▸ Task:
Output, word for word and without pictures, the lines from the one containing "Audi TT Coupe" through the final line of the listing below.

---- Data shown

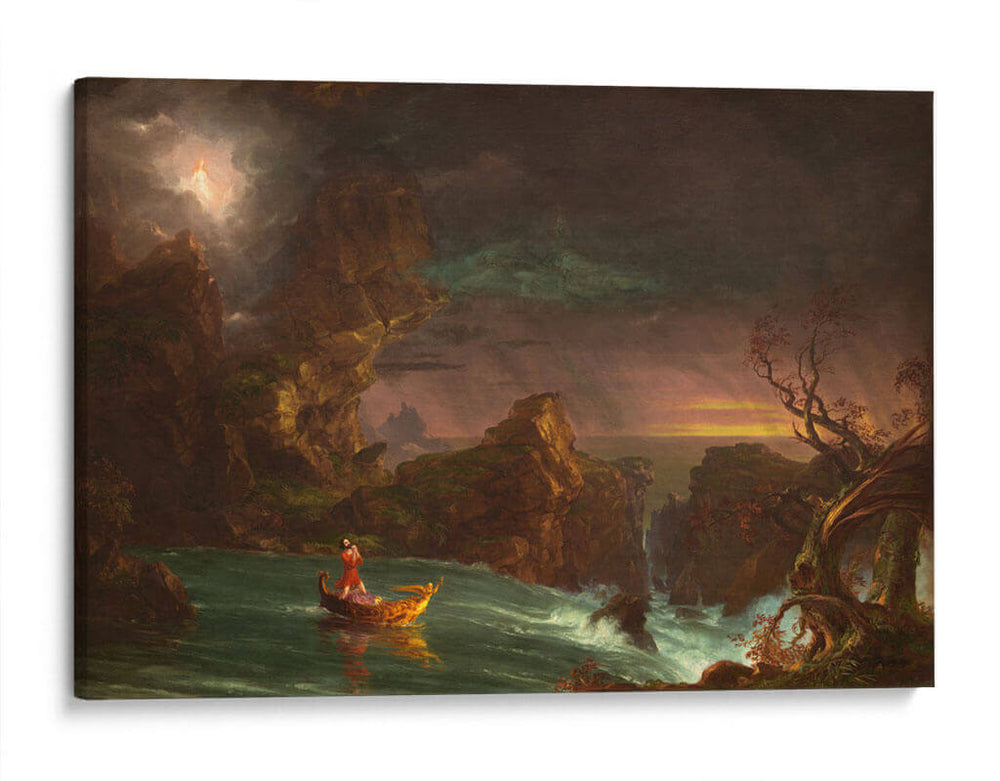 El viaje de la vida: Virilidad - Thomas Cole | Cuadro decorativo de Canvas Lab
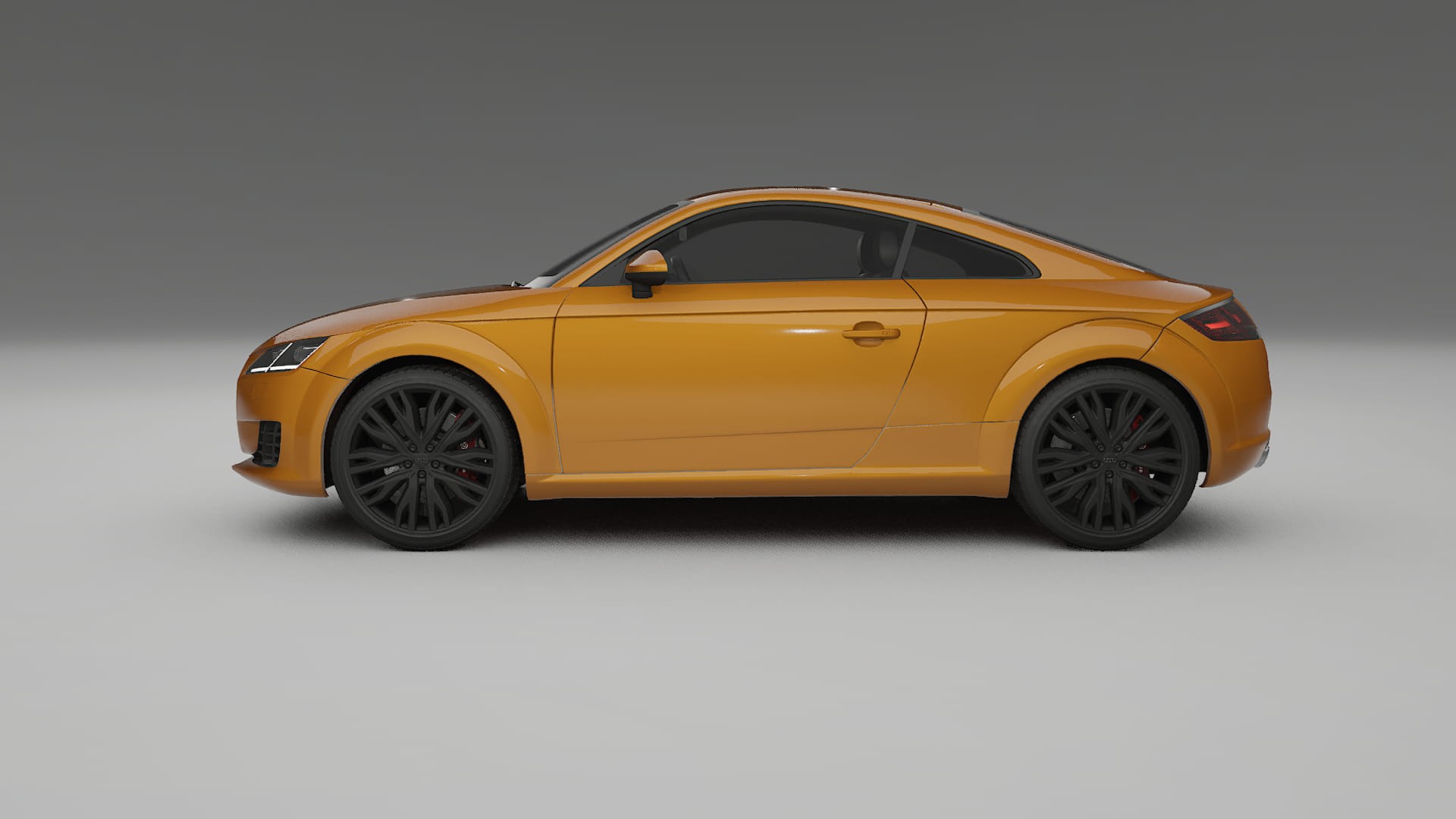 Audi TT Coupe 8S prefacelift pre LCI TPU Lackskyddsfilm | DAISY Färgskiftande PPF – Komplett Förskuret Kit
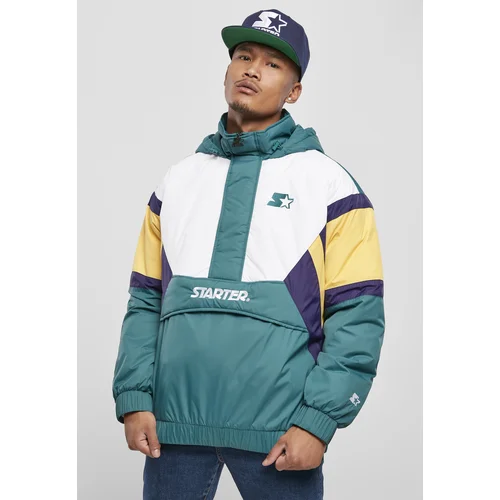 Starter Black Label Starter Color Block Half Zip Retro Jacket retro green/wht/by/s prpl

--------

▸ Exercise output:
 Audi TT Coupe 8S prefacelift pre LCI TPU Lackskyddsfilm | DAISY Färgskiftande PPF – Komplett Förskuret Kit
 Starter Black Label Starter Color Block Half Zip Retro Jacket retro green/wht/by/s prpl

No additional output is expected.